WIRED LIBRARIANS
I pulled into Eric Anderson's driveway on a warm Saturday afternoon. From the trees, the fuzzy caterpillars were dropping all around me faster than IP packets on a rural telephone switch. Anderson has served as the fiscal agent for the cluster and as a key member of jackweb, the clever name given to the Jackson County web project, which began long before MIRA. In the 1980's I had read his articles in "The Wired Librarian" a pioneering column for the librarian involved in computers in the 1980's. When I made some technology grants at Apple, Ohio Valley Area Libraries received one to install faxes in many of their branches in Jackson County. At that time and through most of the MIRA project, Eric was the director. Ohio has some of the best support for public libraries, and for years every little library that needed it could have access to a high speed T1 circuit for Internet access. Oddly enough, the state largess for individual libraries made interlibrary cooperation less of an issue than if the members had come together to share scarce resources. CTCNet had many members in Ohio who were running community technology centers, and there is a state organization that grew out of a technology center project funded by funds from a penalty slapped on Ameritech (now part of SBC) by the state public utilities commission. Ohio, the home for many of the old Free-nets (not the peer-to-peer file sharing program that has emerged along with other Napster-like services), is a hotbed of citizen computer projects. I believe that it signifies the willingness of various groups of non-profits, librarians, educators, and citizens to use technology to reduce the inequities associated with rapid deployment of technology in those sectors that see its value and can afford it.
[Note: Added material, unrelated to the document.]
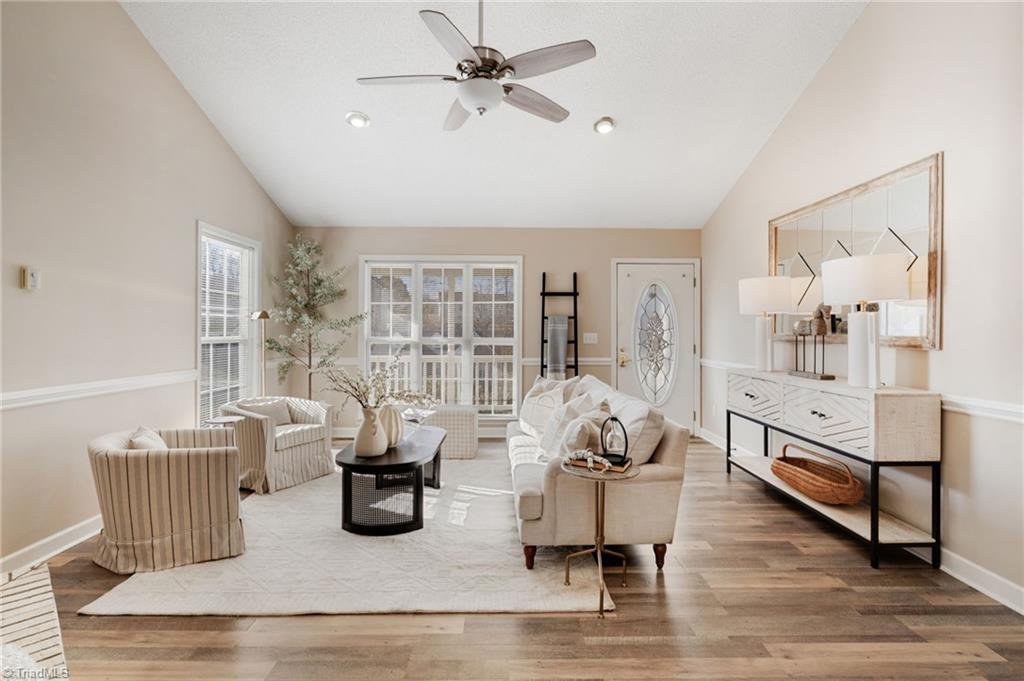 12 Shanda Court Thomasville, NC 27360 - Photo 3 of 23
Anderson's team is still going strong. Their steering committee met while I was staying at the Anderson's. Once they completed the training and received their project funds, the jackweb team moved the pages to a Windows NT server, which allowed more people to design web pages for the site than when the site was hosted on a Unix server. In addition they selected several local businesses to design a web site and provide training for the business owners. This took a lot longer, and this year timswoodshop.com went online. The catalog functionality of this site is unique, in that it contains patterns for all the types of hard wood molding produced by the firm. When they first went online they received an order for 13 doors from a client in Illinois, and now the business is expanding to meet the demand from online customers.